Abaixo a carta em que Manning reivindica o indulto.
“As decisões que eu tomei em 2010 tiveram como motivo a preocupação por meu país e o mundo em que vivemos. Desde os trágicos eventos do 11 de Setembro, nosso país tem estado em guerra. Temos estado em guerra com um inimigo que escolheu não nos encontrar nos campos de batalha tradicionais, e devido a este fato nós tivemos de alterar nossos métodos de combater os riscos impostos a nós e nosso modo de vida.
Eu concordei inicialmente com esses métodos e escolhi ser voluntário para ajudar a defender meu país. Somente quando estive no Iraque e passei a ler relatórios militares secretos diariamente foi que comecei a questionar a moralidade do que nós estávamos fazendo. Foi nesse tempo que eu compreendi que em nossos esforços para fazer frente aos riscos que nos eram impostos pelo inimigo, nós esquecemos nossa humanidade. Nós conscientemente escolhemos desvalorizar a vida humana no Iraque e no Afeganistão. Quando agíamos contra aqueles que percebíamos como inimigo, às vezes matamos civis inocentes. Sempre que matamos civis inocentes, ao invés de aceitar a responsabilidade por nossa conduta, nós optamos por nos esconder atrás do véu da segurança nacional e informação secreta a fim de evitar qualquer prestação de contas ao público.
Em nosso zelo para matar o inimigo, nós internamente debatemos a definição de tortura. Mantivemos indivíduos em Guantánamo por anos sem o devido processo. Inexplicavelmente, viramos um olho cego para a tortura e execuções do governo iraquiano. E compactuamos com incontáveis outros atos em nome da nossa guerra ao terror.
Muitas vezes o patriotismo é exaltado aos gritos enquanto atos moralmente questionáveis são defendidos por aqueles no poder.

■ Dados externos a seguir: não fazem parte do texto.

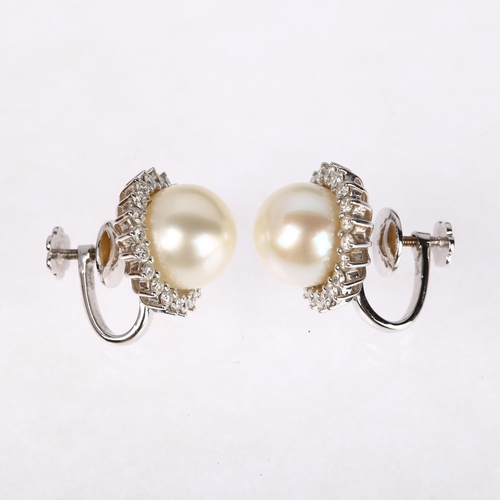 1155 - A pair of 18ct white gold whole pearl and diamond flowerhead cluster earrings, claw set with modern ... 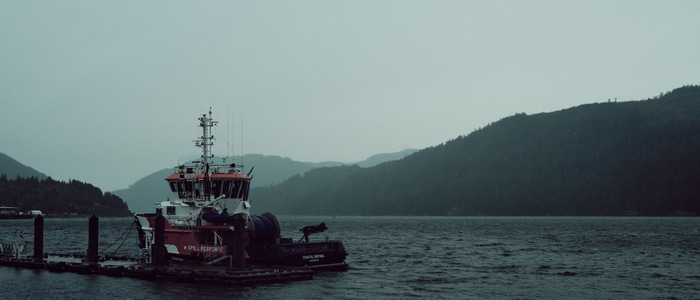 Boat docked at a pier with mountains in the background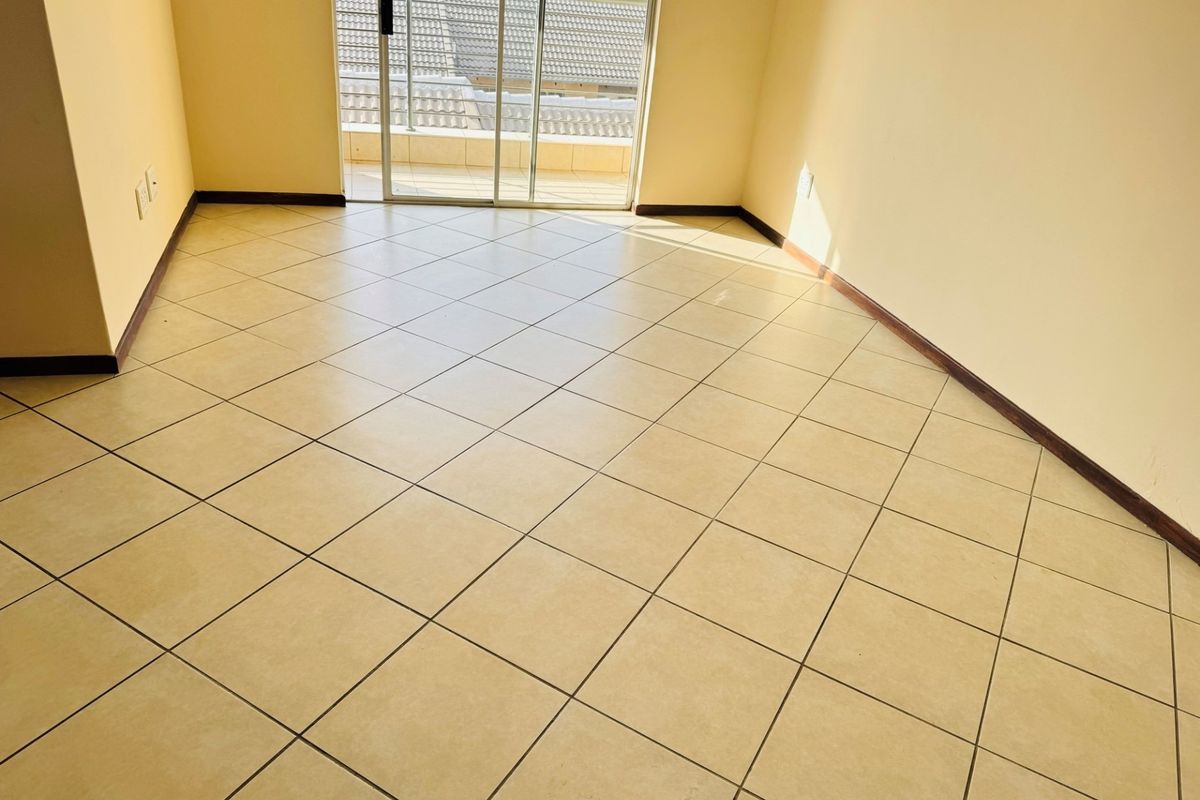 An empty, sunlit living area featuring neutral ceramic floor tiles and a sliding glass door providing access to an outdoor balcony.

Quando tais gritos abafam qualquer dissensão que tem base na lógica, geralmente trata-se de que foi dada ao soldado americano a ordem de desempenhar alguma missão mal concebida.
Nossa nação tem tido momentos negros similares diante das virtudes da democracia – a Trilha de Lágrimas [N.HP – a expulsão dos índios cherokees de suas terras], a decisão Dred Scott [a sentença da Suprema Corte que manteve escravo um negro que fora para um estado onde não havia escravidão], o McCarthismo, e os campos de internamento dos nipo-americanos – para mencionar alguns. Estou confiante que muitas dessas ações desde o 11 de Setembro serão um dia vistas sob luz similar.
Como o saudoso Howard Zinn disse uma vez, “Não há uma bandeira grande o bastante para cobrir a vergonha de matar gente inocente”.
Eu compreendo que minhas ações violaram a lei; eu lamento se minhas ações atingiram alguém ou causaram dano aos Estados Unidos. Nunca foi minha intenção atingir quem quer que seja. Eu só queria ajudar o povo. Quando eu escolhi divulgar informação secreta, o fiz por amor ao meu país e por senso de dever aos outros.

Se você negar meu pedido de indulto, eu cumprirei meu tempo [de sentença] sabendo que às vezes tem-se de pagar um pesado preço para viver numa sociedade livre. Eu pagarei com alegria esse preço se isso significar que nós poderemos ter um país que seja verdadeiramente concebido na liberdade e dedicado à proposição de que todas as mulheres e homens são criados iguais.”